_What you have to do_
The response must consist of the records below, copied exactly.

_Dataset content_
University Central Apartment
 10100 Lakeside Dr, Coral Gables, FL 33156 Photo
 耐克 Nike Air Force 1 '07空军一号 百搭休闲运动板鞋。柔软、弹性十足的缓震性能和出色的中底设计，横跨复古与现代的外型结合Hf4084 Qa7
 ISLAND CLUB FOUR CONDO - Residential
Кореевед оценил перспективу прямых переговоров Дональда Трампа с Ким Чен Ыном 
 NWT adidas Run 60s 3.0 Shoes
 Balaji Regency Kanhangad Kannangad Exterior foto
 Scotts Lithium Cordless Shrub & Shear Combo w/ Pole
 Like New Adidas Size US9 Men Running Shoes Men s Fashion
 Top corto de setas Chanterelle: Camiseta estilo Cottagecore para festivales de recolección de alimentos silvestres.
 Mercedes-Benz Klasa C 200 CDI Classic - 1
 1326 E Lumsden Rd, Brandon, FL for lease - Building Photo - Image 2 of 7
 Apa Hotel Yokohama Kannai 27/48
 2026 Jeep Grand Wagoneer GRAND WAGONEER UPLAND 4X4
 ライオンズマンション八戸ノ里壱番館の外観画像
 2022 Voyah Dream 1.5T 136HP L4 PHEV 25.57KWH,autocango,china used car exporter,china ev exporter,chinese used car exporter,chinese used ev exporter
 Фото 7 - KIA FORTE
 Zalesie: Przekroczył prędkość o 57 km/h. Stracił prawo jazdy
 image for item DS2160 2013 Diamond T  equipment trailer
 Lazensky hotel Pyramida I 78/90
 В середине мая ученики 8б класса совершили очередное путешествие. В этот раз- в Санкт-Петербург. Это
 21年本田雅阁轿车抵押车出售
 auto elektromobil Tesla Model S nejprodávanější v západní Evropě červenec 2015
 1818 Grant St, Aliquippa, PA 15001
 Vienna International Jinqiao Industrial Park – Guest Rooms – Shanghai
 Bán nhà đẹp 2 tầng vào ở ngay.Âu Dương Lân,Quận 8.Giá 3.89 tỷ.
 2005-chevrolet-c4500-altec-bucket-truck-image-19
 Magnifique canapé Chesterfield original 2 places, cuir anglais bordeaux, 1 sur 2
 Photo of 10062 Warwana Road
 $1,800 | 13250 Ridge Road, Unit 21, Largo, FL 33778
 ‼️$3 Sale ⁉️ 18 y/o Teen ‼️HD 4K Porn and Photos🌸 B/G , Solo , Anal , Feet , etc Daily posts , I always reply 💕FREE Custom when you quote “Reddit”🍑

_Result for this task_
University Central Apartment
 10100 Lakeside Dr, Coral Gables, FL 33156 Photo
 耐克 Nike Air Force 1 '07空军一号 百搭休闲运动板鞋。柔软、弹性十足的缓震性能和出色的中底设计，横跨复古与现代的外型结合Hf4084 Qa7
 ISLAND CLUB FOUR CONDO - Residential
Кореевед оценил перспективу прямых переговоров Дональда Трампа с Ким Чен Ыном 
 NWT adidas Run 60s 3.0 Shoes
 Balaji Regency Kanhangad Kannangad Exterior foto
 Scotts Lithium Cordless Shrub & Shear Combo w/ Pole
 Like New Adidas Size US9 Men Running Shoes Men s Fashion
 Top corto de setas Chanterelle: Camiseta estilo Cottagecore para festivales de recolección de alimentos silvestres.
 Mercedes-Benz Klasa C 200 CDI Classic - 1
 1326 E Lumsden Rd, Brandon, FL for lease - Building Photo - Image 2 of 7
 Apa Hotel Yokohama Kannai 27/48
 2026 Jeep Grand Wagoneer GRAND WAGONEER UPLAND 4X4
 ライオンズマンション八戸ノ里壱番館の外観画像
 2022 Voyah Dream 1.5T 136HP L4 PHEV 25.57KWH,autocango,china used car exporter,china ev exporter,chinese used car exporter,chinese used ev exporter
 Фото 7 - KIA FORTE
 Zalesie: Przekroczył prędkość o 57 km/h. Stracił prawo jazdy
 image for item DS2160 2013 Diamond T  equipment trailer
 Lazensky hotel Pyramida I 78/90
 В середине мая ученики 8б класса совершили очередное путешествие. В этот раз- в Санкт-Петербург. Это
 21年本田雅阁轿车抵押车出售
 auto elektromobil Tesla Model S nejprodávanější v západní Evropě červenec 2015
 1818 Grant St, Aliquippa, PA 15001
 Vienna International Jinqiao Industrial Park – Guest Rooms – Shanghai
 Bán nhà đẹp 2 tầng vào ở ngay.Âu Dương Lân,Quận 8.Giá 3.89 tỷ.
 2005-chevrolet-c4500-altec-bucket-truck-image-19
 Magnifique canapé Chesterfield original 2 places, cuir anglais bordeaux, 1 sur 2
 Photo of 10062 Warwana Road
 $1,800 | 13250 Ridge Road, Unit 21, Largo, FL 33778
 ‼️$3 Sale ⁉️ 18 y/o Teen ‼️HD 4K Porn and Photos🌸 B/G , Solo , Anal , Feet , etc Daily posts , I always reply 💕FREE Custom when you quote “Reddit”🍑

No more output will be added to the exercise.